Altair SmartWorks Analytics

 

Deployments

General

PySpark models can be deployed just like any other model that has been registered in the Model Registry.

Steps:

  1. Navigate to the Deployments section of the MLOps Node

  2. When configuring your models, your PySpark model

  3. After filling out the rest of the settings, deploy it

Once the model is deployed, you can send requests to it through the REST API. Here is an example of how to do so via curl from the command line:

 

curl -X POST http://localhost:5000/api/v1.0/predictions -H 'Content-Type: application/json' \

    -d '{ "data": { "ndarray": [[5.1,3.5,1.4,0.2], [7.7,3.0,6.1,2.3]], "names": ["sepal_length", "sepal_width", "petal_length", "petal_width"] }, "meta": {"method": "predict_proba"} }'

 

 

Preprocessing

All data is first converted into a pandas DataFrame with column names attached, before being converted to a Spark DataFrame, and then being processed by the model. If the user passes in the list of names, then it will be applied to the columns of the DataFrame. For PySpark models specifically, the user must pass in the list of names.

 

df = pd.DataFrame(X, columns=names)

data = spark_session.createDataFrame(df)

 

 

The choice of whether to return the final predicted labels or the probability of each class is determined based on the meta passed in through the request. That is, the meta dictionary will be checked for the method key-value:

If the value of method is predict then the final predicted labels will be returned

If the value of method is predict_proba then the probability of each class will be returned

The default method is always predict.

 

method = self.default_method # The default is "predict"

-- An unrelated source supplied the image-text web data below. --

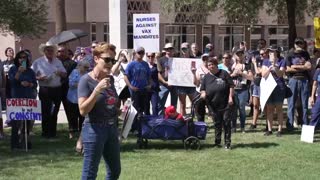AZ - Rally For Medical Freedoms Against Vaccine Mandates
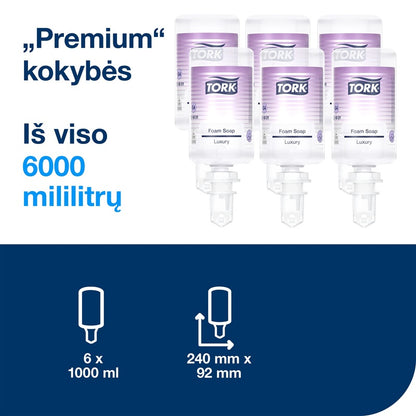 PUTOS MUILO TORK LUXURY S4 1000ML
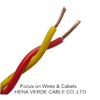 Twisted Electric Building Wire Tw PVC Insulated Cable for Battery Charge and Construction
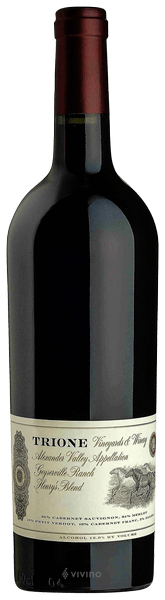 Trione Geyserville Ranch Henry's Blend 2014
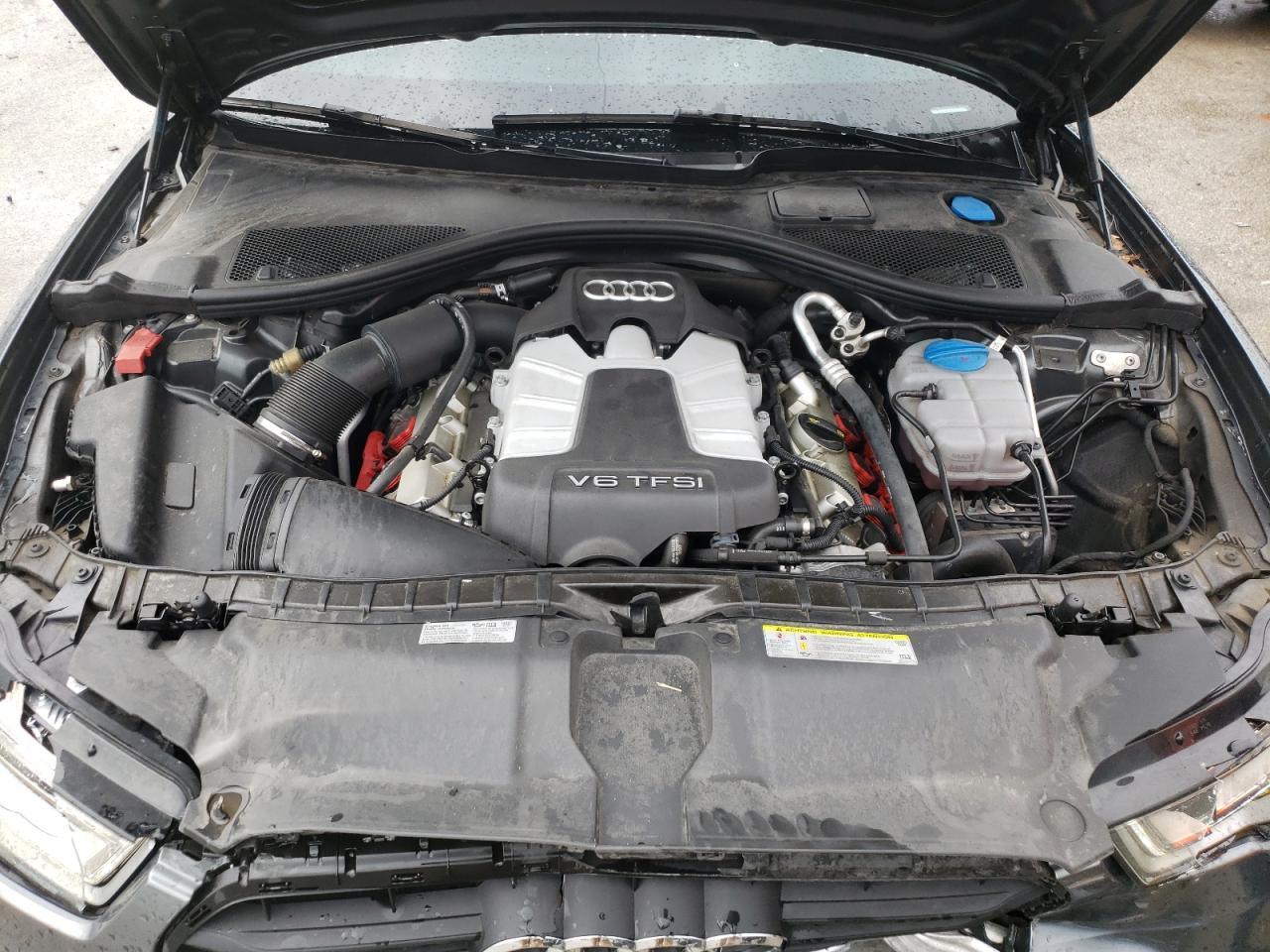 Photo 7 from auction – 2014 AUDI A6 PRESTIG with VIN WAUHGAFC7EN031341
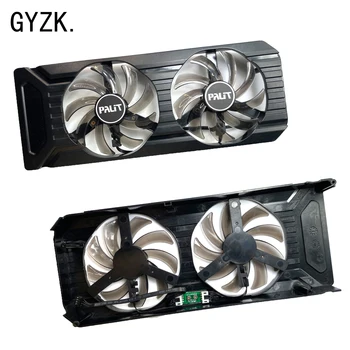 Yeni PALİT GeForce P106 - 100 GTX1060 1070 1070ti 1080 Çift Grafik Kartı Yedek Fan paneli fan ile GA91S2U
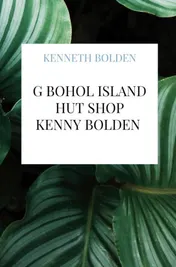 Omslag van G Bohol Island Hut Shop Kenny Bolden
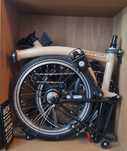 Brompton C-Line 6 viteze - Dune Sand Black Edition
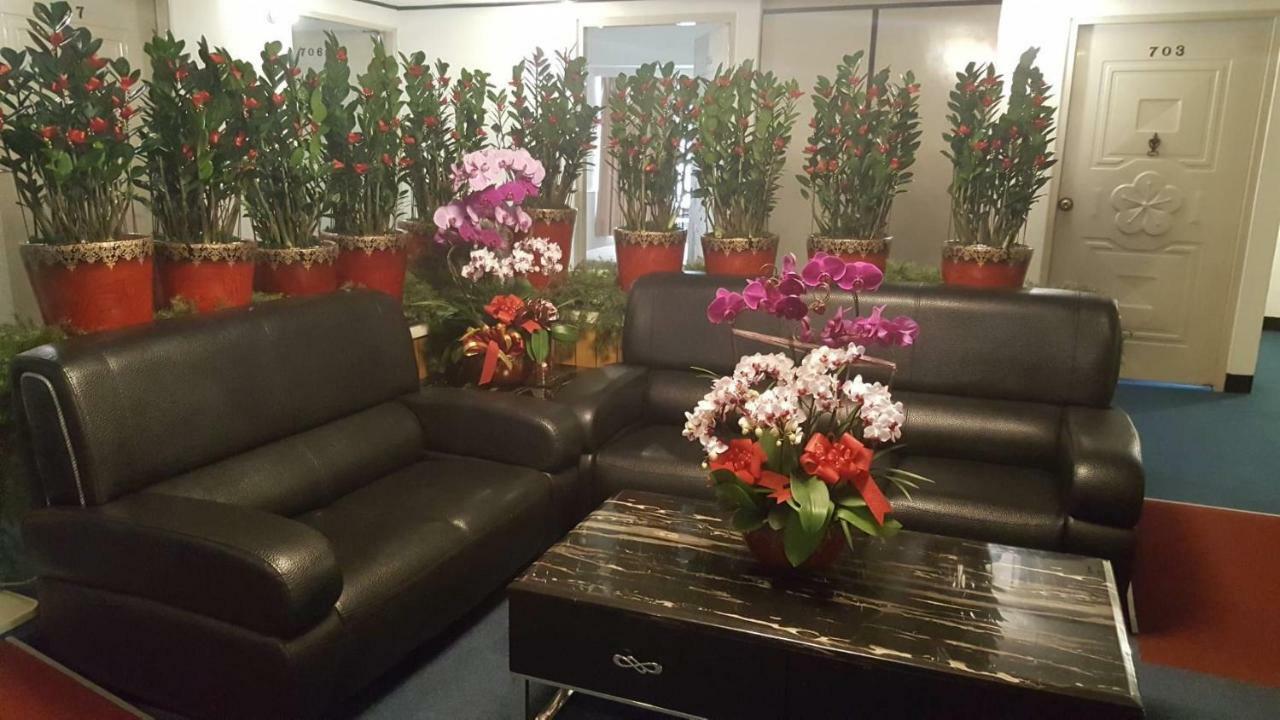 Chian Huei Business Hotel Тайбэй Экстерьер фото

if meta and isinstance(meta.get("method", 0), str):

    method = meta["method"]

 

 

Predictions

Based on the method chosen by the user, the results of the model will be returned in different ways. In either case, the final result will always be reshaped and returned as a 2D numpy array.

 

preds = self.model.transform(data)

if method == "predict_proba":

    res = [x.probability for x in preds.select("probability").collect()]

else:

    res = [x.prediction for x in preds.select("prediction").collect()]

res_np = np.asarray(res)